DataSheet7_Effects of GLP-1 Receptor Agonists on Biological Behavior of Colorectal Cancer Cells by Regulating PI3K/AKT/mTOR Signaling Pathway.ZIP

Colorectal cancer (CRC) has become one of the top ten malignant tumors with a high incidence rate and mortality. Due to the lack of a good CRC screening program, most of the CRC patients are being transferred at the time of treatment. The conventional treatment cannot effectively improve the prognosis of CRC patients, and the target drugs can significantly prolong the overall survival of patients in the advanced stage. However, the use of single drug may lead to acquired drug resistance and various serious complications. Therefore, combined targeted drug therapy is the main alternative treatment with poor effect of single targeted drug therapy, which has important research significance for the treatment of CRC. Therefore, this study intends to culture CRC cell lines in vitro at the cell level and intervene with the GLP-1 receptor agonist liraglutide. The effects of liraglutide on the PI3K/Akt/mTOR signal pathway and CRC cell proliferation, cycle, migration, invasion, and apoptosis are explored by detecting cell proliferation, cycle, migration, invasion, and apoptosis and the expression of related mRNA and protein. The results showed that liraglutide, a GLP-1 receptor agonist, could block the CRC cell cycle, reduce cell proliferation, migration, and invasion and promote apoptosis by inhibiting the PI3K/Akt/mTOR signal pathway.

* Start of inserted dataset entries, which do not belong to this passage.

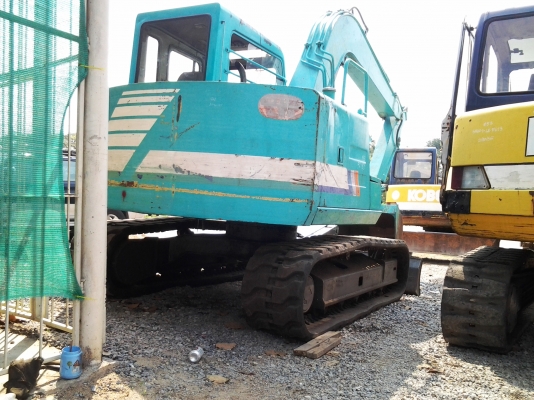 ขายด่วน..รถแบคโฮ KOBELCO SK60 M3 LE รถสวย เก่าญี่ปุ่น ชั่วโมงน้อย มีใบอินวอยล์ ราคาต่องรองได้.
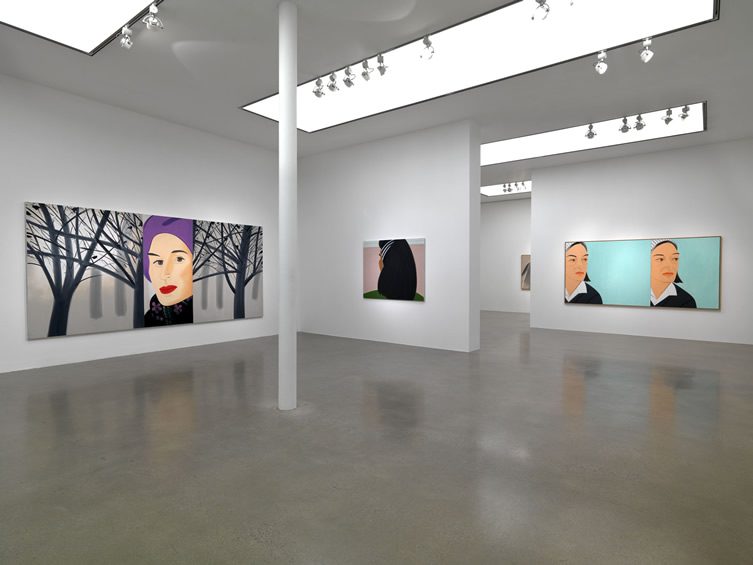 Alex Katz — 70s / 80s / 90s at Timothy Taylor Gallery, London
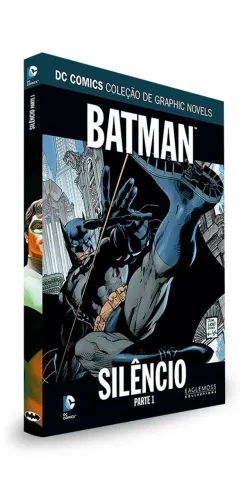 DC Graphic Novels. Batman. Silêncio. Parte 1 e 2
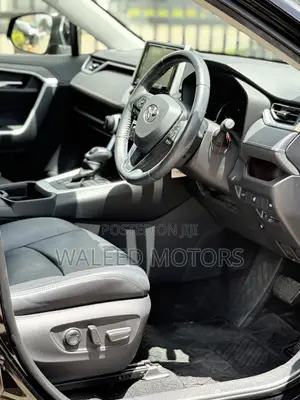 Toyota RAV4 Adventure 2019 Black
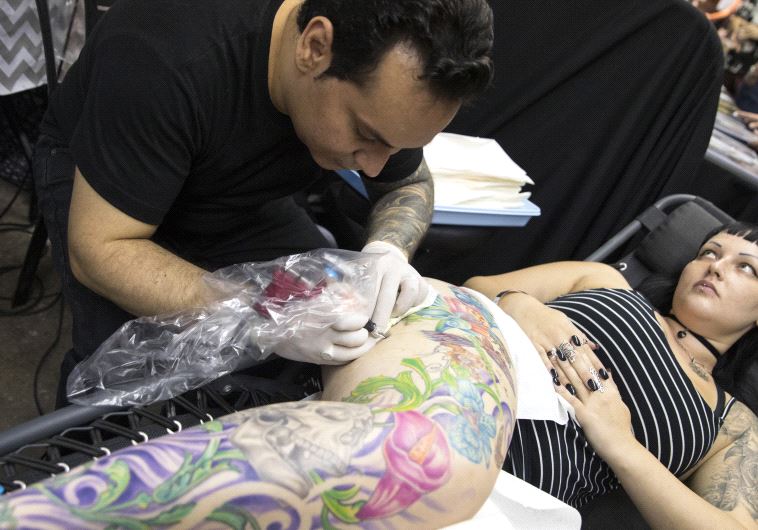 Third Annual Tel Aviv Tattoo Convention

结直肠癌（Colorectal cancer, CRC）已成为发病率与死亡率均位居前列的十大恶性肿瘤之一。由于缺乏完善的CRC筛查方案，多数结直肠癌患者确诊时已发生转移。常规治疗无法有效改善结直肠癌患者的预后，而靶向药物虽可显著延长晚期患者的总生存期，但单一用药易引发获得性耐药及多种严重并发症。因此，针对单一靶向治疗效果欠佳的患者，联合靶向药物治疗成为主要备选方案，其在结直肠癌治疗领域具有重要的研究价值。 为此，本研究拟在细胞水平体外培养结直肠癌细胞系，并采用胰高血糖素样肽-1（GLP-1）受体（GLP-1 receptor）激动剂利拉鲁肽（liraglutide）进行干预。通过检测细胞增殖、周期、迁移、侵袭与凋亡情况，以及相关mRNA与蛋白的表达水平，探究利拉鲁肽对PI3K/Akt/mTOR信号通路（PI3K/Akt/mTOR signal pathway）及结直肠癌细胞增殖、周期、迁移、侵袭与凋亡的影响。 研究结果显示，GLP-1受体激动剂利拉鲁肽可通过抑制PI3K/Akt/mTOR信号通路，阻滞结直肠癌细胞周期、抑制细胞增殖、迁移与侵袭，并促进细胞凋亡。